C’est la raison pour laquelle, en 2008, la mère a demandé la révision de la décision accordant l’ensemble des droits parentaux au père en ce qui concerne leur plus jeune fils. Sa demande a de nouveau été rejetée, les tribunaux polonais considérant que la mère se préoccupait davantage de sa relation amoureuse avec sa petite amie. En sus, son enfant lui a été retiré pour être remis au père.

Elle a alors contesté l’impartialité du juge. Pour autant, les juridictions polonaises se sont de nouveau prononcées en 2009 et lui ont refusé les droits parentaux réclamés sur son plus jeune enfant considérant notamment que cette décision est « justifiée par le stade actuel du développement de l’enfant et le rôle plus important du père dans la création du modèle masculin [de l’enfant] ». Cette décision a été confirmée en appel.

La mère a donc introduit une requête devant la Cour européenne des droits de l’Homme le 18 mars 2010 invoquant l’article 14 de la CESDH (Numéro Lexbase : L4747AQU) relatif au principe de non-discrimination combiné à l’article 8 de la CESDH (Numéro Lexbase : L4798AQR) relatif au droit au respect de la vie privée considérant que la garde de son enfant lui a été refusée en raison de son orientation sexuelle.

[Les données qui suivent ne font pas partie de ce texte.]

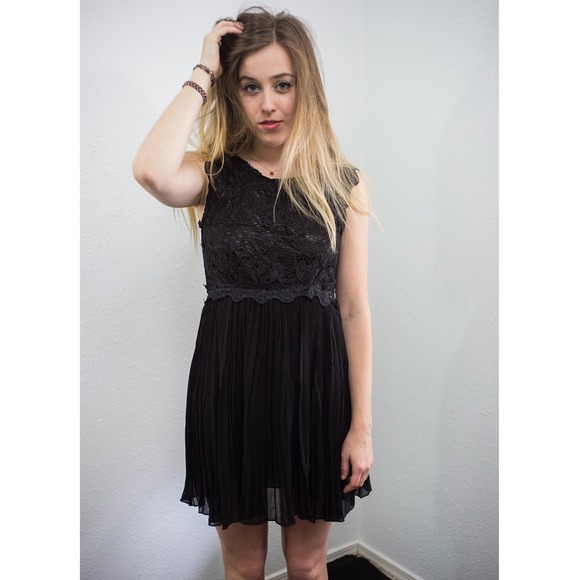 Black Lace Babydoll Dress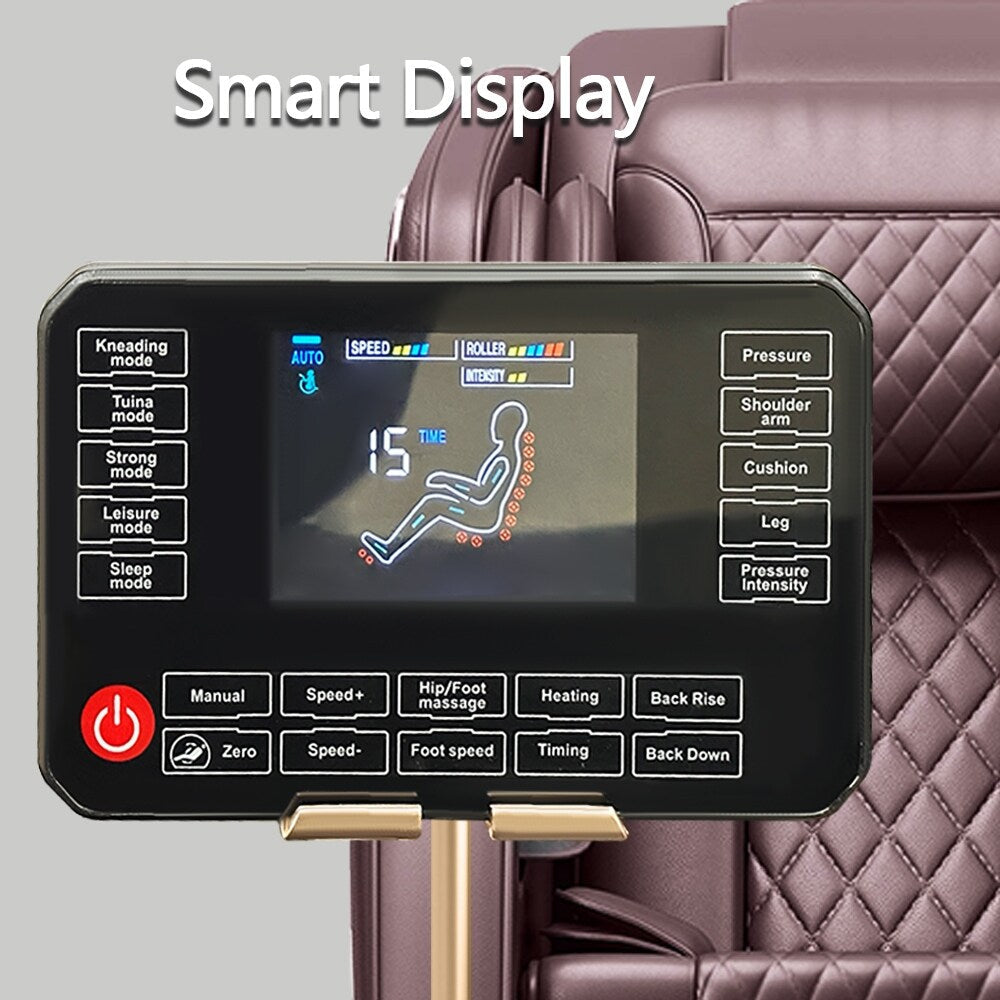 Poltrona reclinabile massaggiante Zero-Gravity con audio Bluetooth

La Cour européenne des droits de l’Homme s’est alors attelée à déterminer s’il y avait eu une différence de traitement à l’égard de la requérante avec un quelconque parent en raison de son orientation sexuelle. C’est ainsi, qu’en épluchant les différents rapports d’expertise, ainsi que les décisions de justice des juridictions polonaises, la Cour a en premier lieu constaté que « les références à l'homosexualité du requérant et à sa relation avec [son amie] étaient prédominantes dans la première procédure concernant [le plus jeune des enfants] et ses frères et sœurs », et en second lieu que ces rapports d’expertise et cette première procédure ont eu une incidence décisive sur la seconde procédure relative à la garde du plus jeune fils.

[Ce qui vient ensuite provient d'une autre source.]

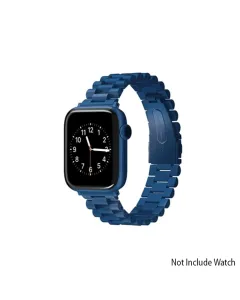 Viva Madrid Dayton Metal Watch Strap Compatible With Apple Watch 42,44,45 mm - Blue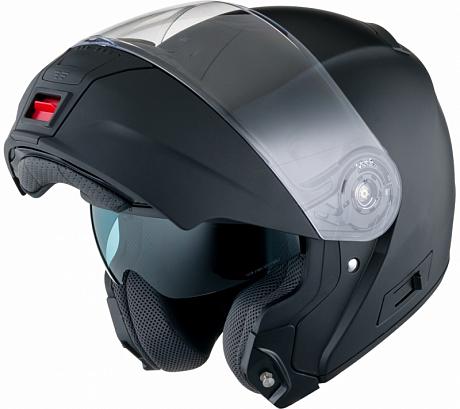 Шлем модуляр IXS HX325 черный матовый XS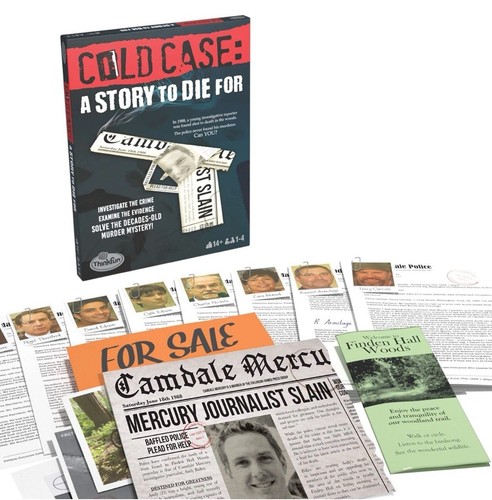 NEW ThinkFun Cold Case: A Story to Die For - Interactive Murder Mystery Game - Picture 3 of 7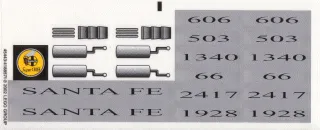 Sticker Sheet for Set 10025 - (45443/4188571)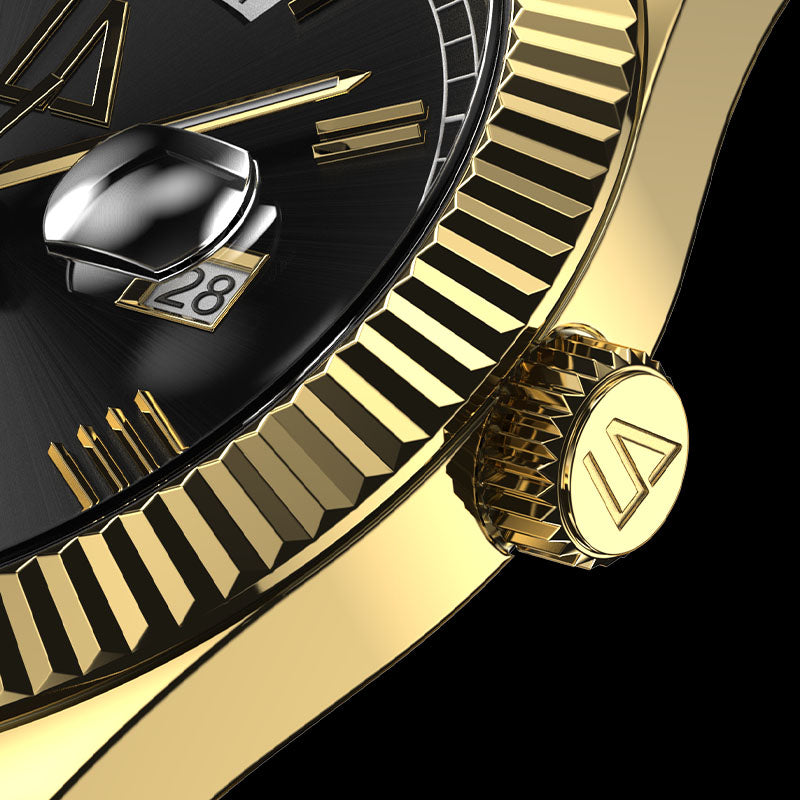 Goud zwart horloge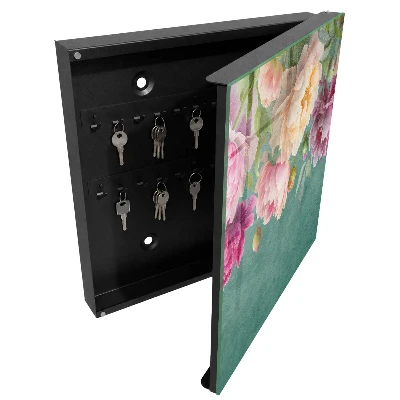 Nyckelbox med blommigt motiv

En outre, la Cour européenne arrive à « la conclusion incontournable » selon laquelle l’ « orientation sexuelle [de la requérante] et sa relation avec une autre femme étaient systématiquement au centre des délibérations à son égard et omniprésente à tous les stades de la procédure judiciaire », et en conséquence qu’ « il y avait donc une différence de traitement entre le requérant et tout autre parent souhaitant avoir la garde complète de son enfant » et que « cette différence était fondée sur son orientation sexuelle ».

Ainsi, après avoir considéré cette différence de traitement, la Cour devait se demander si ce traitement discriminatoire avait une justification objective et raisonnable. Or, la Cour relève que, bien que les tribunaux polonais se soient attachés à préserver l’intérêt supérieur de l’enfant notamment en tenant compte de la stabilité de cohabitation de l’enfant avec ses frères et sœurs, « la référence au "modèle masculin" a été répétée à chaque étape de la procédure finale en tant que considération essentielle dans l'appréciation de l'intérêt supérieur de l'enfant ».

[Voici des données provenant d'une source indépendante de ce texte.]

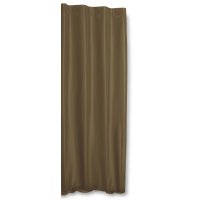 Thermovorhang Kräuselband taupe hell 140x245 cm...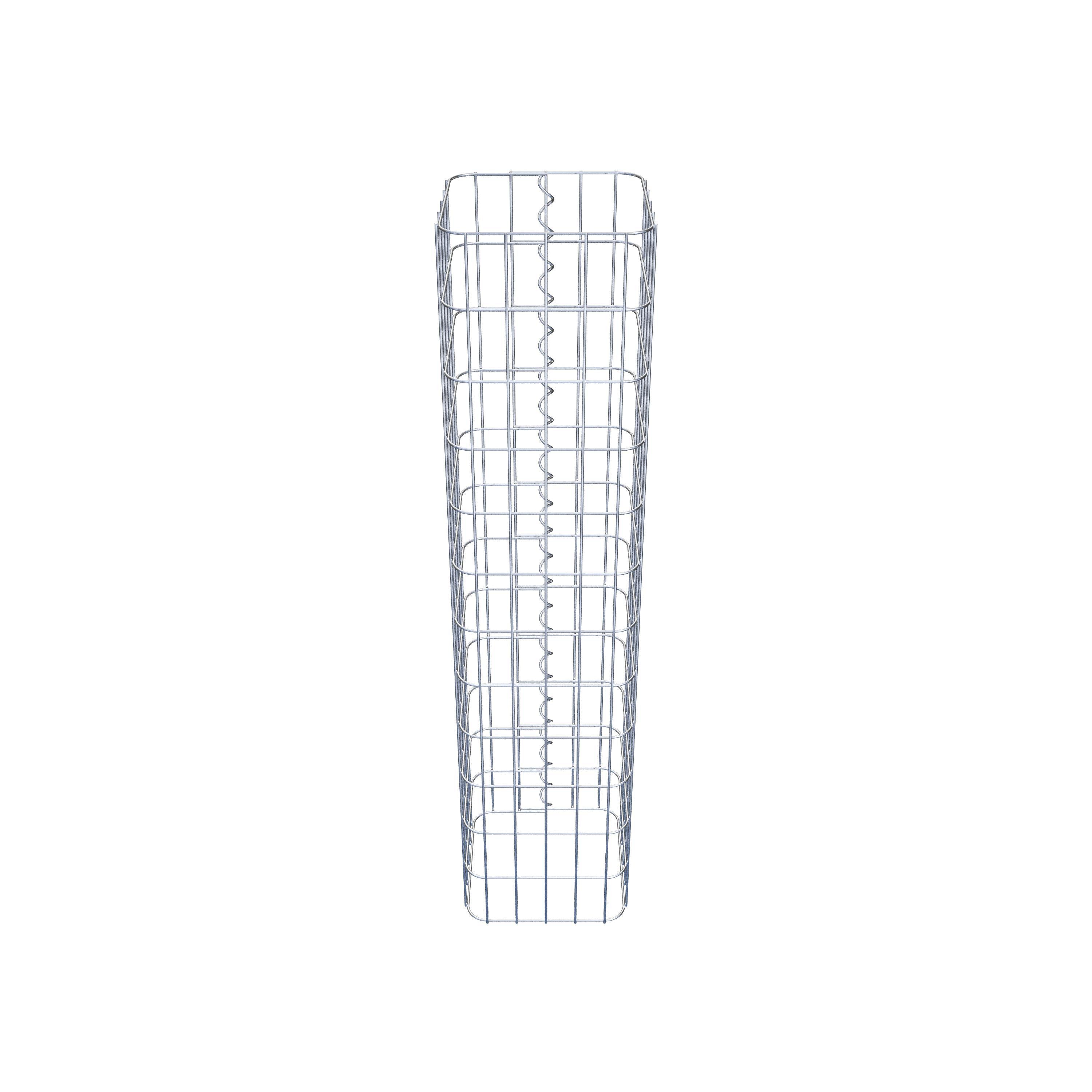 Colonne de gabion 27 x 27 cm, MW 5 x 10 cm carré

La Cour a alors considéré que « la référence discriminatoire à l'importance d'un modèle masculin pour l'éducation du garçon […] a été un facteur décisif » dans le rejet des demandes de la mère, et surtout que « cette considération l'emportait sur les autres arguments » comme le jeune âge de l’enfant, son lien fort avec sa mère, l’accord du père, etc. En tout état de cause, la Cour indique qu’elle « ne peut ignorer que les juridictions internes ont considéré qu'une appréciation positive des compétences de la requérante en tant qu'aidante principale de ses enfants dépendait de l'arrêt de sa relation avec [son amie]. Les juridictions ont qualifié sa relation d'"implication excessive" et d'"attitude" qui avait besoin d'être "corrigée" et s'attendait à ce que la relation soit "abandonnée" et que [son amie] soit "exclue de la vie de famille" ».

C’est la raison pour laquelle, la Cour européenne ne peut que conclure à la violation de l’article 14 combiné à l’article 8 de la CESDH puisque « les autorités internes ont opéré une distinction fondée uniquement ou de manière décisive sur des considérations relatives à son orientation sexuelle, distinction qui n'est pas acceptable au regard de la Convention ».